How about maintaining the Fedora (and other distributions) packages
in the Debian repo?

I'm afraid that is not possible, Fedora has one centralized CVS and all packaging related files (build instructions (spec-files), patches, .desktop files, etc.) all go there. Fedora's build infrastructure does not support pulling data to build packages from any other source, changing this will be very hard (because of security, inertia, etc.).

Specific patches could be kept in distro-specific branches on top of the
generic 'downstream' branch.

I think the real solution here is to get each and every patch upstreamed, as I've done with sfxr, and as is the Fedora way / mantra. In Fedora we try to make sure others do not need to reinvent the wheel by always pushing patches upstream, we even have a rule were each patch in a specfile needs to have a comment above it with an upstream bugtracker URL where the patch is submitted (or an explanation why this is Fedora specific).

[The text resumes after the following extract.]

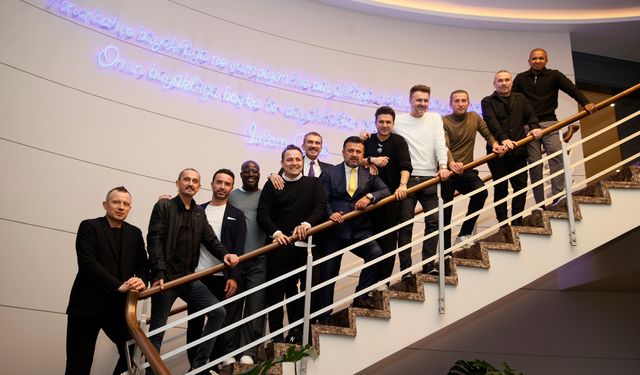 Fenerbahçe’nin efsane futbolcuları derbi öncesi bir araya geldi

The problem with this is there are some cases where there no longer is an upstream, I would much rather see us spending time here, then in trying to get some sort of cross distro svn / CVS / git, as I never see that taking of, and just thinking about it gives me nightmares about the ensuing flamewars.

What do you guys say? Am I making sense or would you prefer for me
to simply shut up about this heresy?

I wouldn't call it heresy, but I never see this happen. What would be good is to spend time on resurrecting some upstreams, so either take over their existing infra (for example sf.net allows you to file take over requests) or put up something new on some FOSS hosting site somewhere, nothing fancy really just an CVS / SVN, a place to put tarbals and a short webpage explaining that this is not really a restart, that people should not expect new features, but this is a new central place for distros packaging foo to send patches too.